Today, the United Stated Department of Justice (DOJ) awarded the Seattle Police Department (SPD) a $600,000 grant to implement an expanded body-worn camera program.
“Today’s announcement by the Justice Department is a huge boost to the Seattle Police Department’s efforts to improve community policing and strengthen accountability,” said Mayor Ed Murray. “We know body cameras reduce the number of complaints against officers and reduce the use of force by police. I am proud of Seattle’s continued leadership as a national model for police reform.”
Earlier this year, SPD conducted its own six-month pilot of body-worn camera equipment and made some of the recorded footage available to the public on a YouTube channel. Seattle police also participated in the White House Police Data Initiative as part of an overall effort to enhance transparency and accountability in law enforcement.
In the coming months, the department will further develop the policies and protocols for the cameras with a broad range of community stakeholders, including Seattle Police Officers Guild, the Department of Justice, the federal monitor, the Community Police Commission and others.
“Body-worn video technology is incredibly important to our communities and our officers,” said Seattle Police Chief Kathleen O’Toole. “We are grateful for this assistance from the Department of Justice, and are excited to continue our work enhancing transparency, accountability, and community trust.”
“I have said this from day one that body cameras are a game changer for police accountability, public safety, and as a training tool to improve policing performance,” said Seattle Councilmember Bruce Harrell, chair of the Public Safety, Civil Rights and Technology Committee. “Police accountability advocates such as Campaign Zero, Seattle legislative districts and community leaders have asked for body cameras and this is great news.
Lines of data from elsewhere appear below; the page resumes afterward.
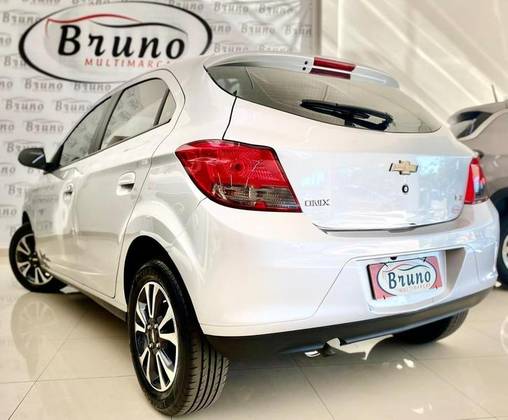 CHEVROLET ONIX 1.4 MPFI LTZ 8V FLEX 4P AUTOMÁTICO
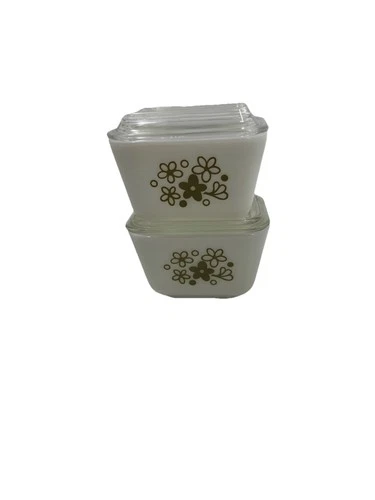 Pyrex 501 Refrigerator Dish ~ Crazy Daisy, Spring Blossom Green, VGC Lot Of Two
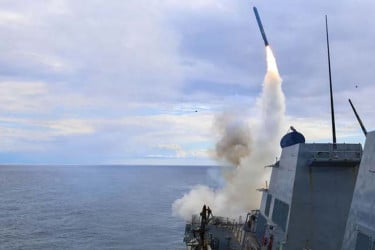 কাতার-কুয়েত-আমিরাত-জর্ডান ও ইরাকে সহায়তায় রাফালসহ রণতরী পাঠাচ্ছে ফ্রান্স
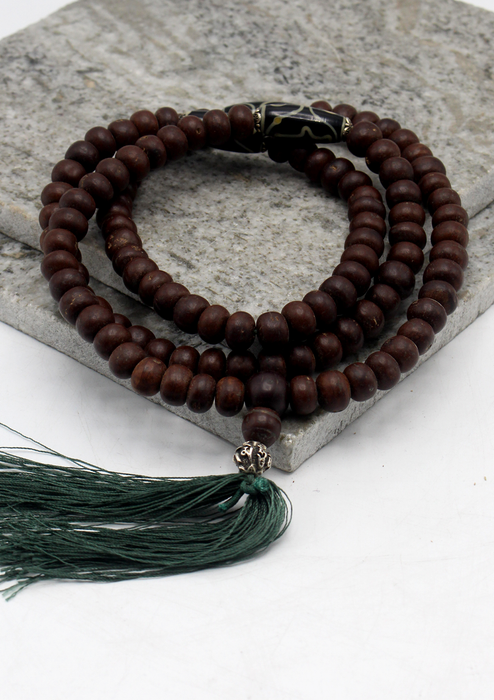 Dark Bodhi Mala with Dzi Beads Spacer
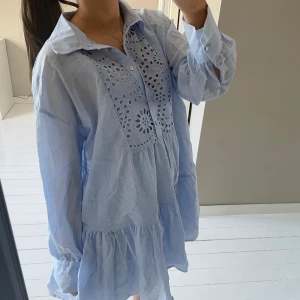 Blå sommarklänning - Så gullig klänning, köpt förra året🌸💕
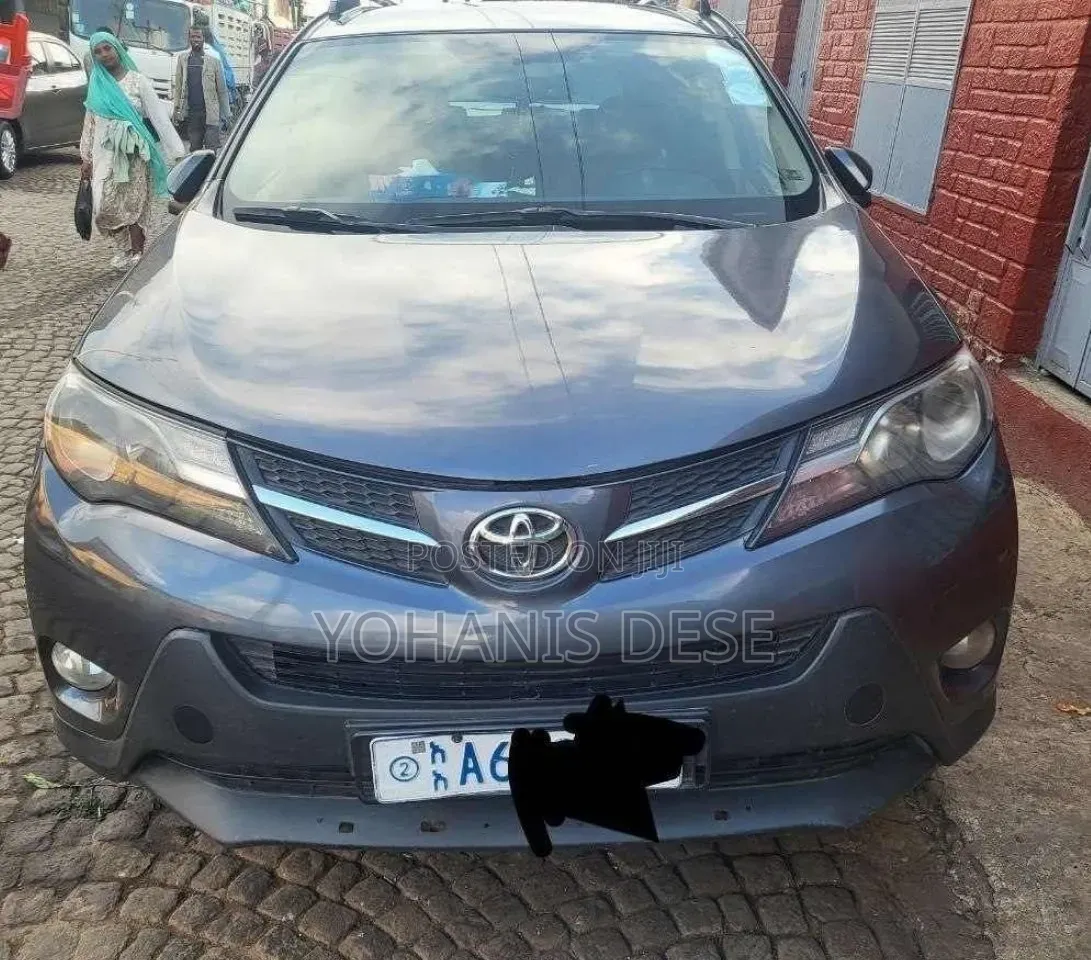 Toyota RAV4 2014 Blue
On behalf of the Council, I thank President Obama and his administration for allocating this funding. We will work towards complete funding in the upcoming budget process. Without question, our work continues building stronger community ties but it starts with clear impartial video evidence of police and civilian interactions. Body camera data from other police departments have seen use of force reduced by 60 percent.”
In today’s round of grant announcements, DOJ awarded $23.2 million to 73 local and tribal agencies in 32 states to expand the use of body-worn cameras and explore their impact. The grants, which require a 50/50 in-kind or cash match, can be used to purchase equipment and require that applicants establish a strong implementation plan and a robust training policy before purchasing cameras. The long term costs associated with storing this information will be the financial responsibility of each local agency.